Blutschuld - Auszug

Erscheint auch in der Novemberausgabe der Zeitschrift "Neues aus Anderwelt"

...Nichts hatte geklappt von all den schönen Plänen, die sie gemacht hatten. Zwei Mal war er für Frances zum Mörder geworden, aber das war nichts, wofür Mathieu sich schämte. Er hatte das Gift beschafft, das dem schwachen Herzen des Vaters die letzte Kraft nahm. Gegeben hatte es ihm zwar Frances, aber es war seine Idee gewesen, damit Frances nicht mehr mit diesem Schwachkopf von Steinmetz schöntun musste, der für ihren Vater der Wunschnachfolger war.

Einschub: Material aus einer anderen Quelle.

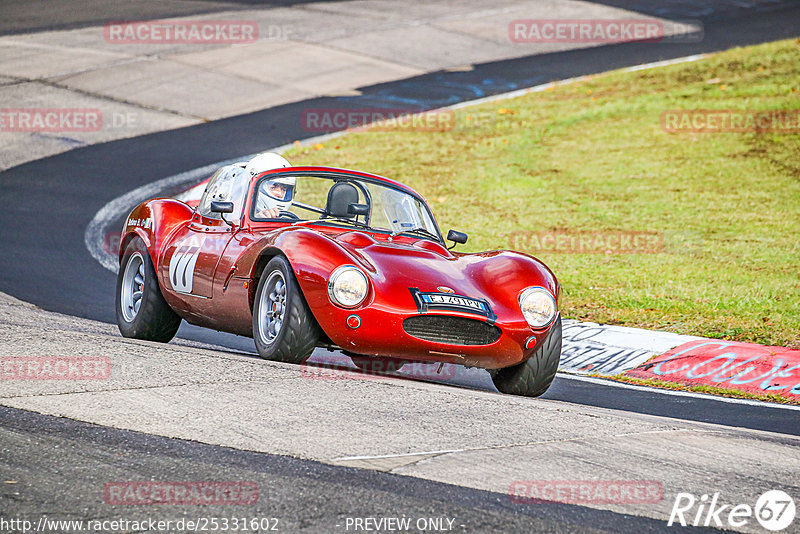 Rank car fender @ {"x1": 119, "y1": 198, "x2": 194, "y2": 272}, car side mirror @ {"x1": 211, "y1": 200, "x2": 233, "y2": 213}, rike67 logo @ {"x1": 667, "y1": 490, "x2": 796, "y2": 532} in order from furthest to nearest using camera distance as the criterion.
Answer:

Und dann dieses dumme Schaf Jules, der Frances angebetet und in ihrem Vater einen Gott gesehen hatte. Nun war auch er nur noch Wurmfutter.

Doch da war noch dieses dämliche Testament.

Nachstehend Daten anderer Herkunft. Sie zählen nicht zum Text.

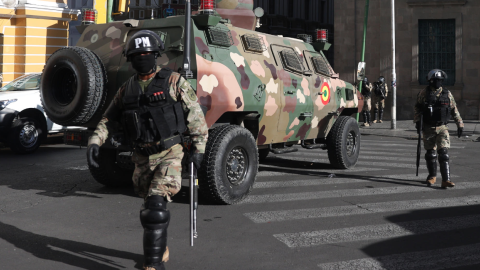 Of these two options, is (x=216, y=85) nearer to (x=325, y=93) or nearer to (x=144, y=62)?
(x=144, y=62)

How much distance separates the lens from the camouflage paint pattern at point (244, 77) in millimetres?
7148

Frances hatte geglaubt, dass es kein Problem sein würde, es nicht zu haben, schließlich war sie das einzige Kind ihres Vaters gewesen. Das Erbe sollte ihr quasi in den Schoß fallen. Doch weil sie noch nicht volljährig war, hatte ein Amtsrichter, den man als ihren Vormund bestellt hatte, untersagt, den Besitz zu verkaufen. Ohne ein Testament mit entsprechendem Text konnte man daran auch nichts ändern. Ein Testament zu fälschen, wagten sie jedoch nicht. Irgendetwas machte die Menschen um Frances misstrauisch genug, um jedes plötzlich auftauchende Testament anzuzweifeln, wenn es zu sehr zu Gunsten der Tochter sprach.

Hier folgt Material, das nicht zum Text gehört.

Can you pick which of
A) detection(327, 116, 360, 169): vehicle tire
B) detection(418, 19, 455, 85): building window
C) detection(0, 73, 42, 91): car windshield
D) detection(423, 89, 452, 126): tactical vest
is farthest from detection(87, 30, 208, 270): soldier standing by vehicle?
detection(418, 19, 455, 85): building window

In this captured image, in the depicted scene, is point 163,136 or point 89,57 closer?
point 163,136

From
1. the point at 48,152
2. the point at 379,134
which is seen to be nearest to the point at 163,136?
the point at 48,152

Mathieu hieb mit der Faust gegen die Hauswand. „Jules, du verdammtes Schwein. In der Hölle sollst du schmoren.“

Der Regen wurde immer stärker und Blitze zuckten über den Nachthimmel. Mathieu beschleunigte seine Schritte, doch er hatte kein Ziel vor Augen und fand sich plötzlich auf dem Platz vor dem Dom wieder. Ein neuerlicher Blitz erhellte das Gebäude nahezu taghell und Mathieu legte seinen Kopf in den Nacken. Im letzten Aufflammen der fein verästelten Energieentladung konnte er das Monster sehen, das Jules geschaffen hatte. „Ich verfluche dich, Jules Maginot!“, brüllte Mathieu in den Donner, der dem Blitz folgte.

Ein weiterer Blitz erhellte den Himmel und Mathieu stockte der Atem. Sein Blick war noch immer auf den Domgiebel gerichtet, doch er konnte den Gargoyle nicht mehr entdecken. Er riss die Augen auf und wartete angespannt auf neues Licht. Als es dann kam, schüttelte er verblüfft und angstvoll den Kopf.

Der Gargoyle war verschwunden. Der Giebel war leer.

„Welches Recht hast ausgerechnet du, einen Rechtschaffenen zu verfluchen“, erscholl eine tiefe, heisere Stimme hinter ihm wie ein Nebelhorn.

Langsam drehte sich Mathieu um, doch er konnte nur Schwärze sehen. Kein Licht erhellte den großen Platz und der Regen schluckte alles.

Wieder zuckte ein Blitz über den Himmel und Mathieu sah sich dem größten Grauen gegenüber, zu dem seine Vorstellungskraft fähig war. Seine Lippen öffneten sich zu einem verzweifelten Schrei, doch der Regen verhinderte, dass er an die Ohren der Lebenden drang.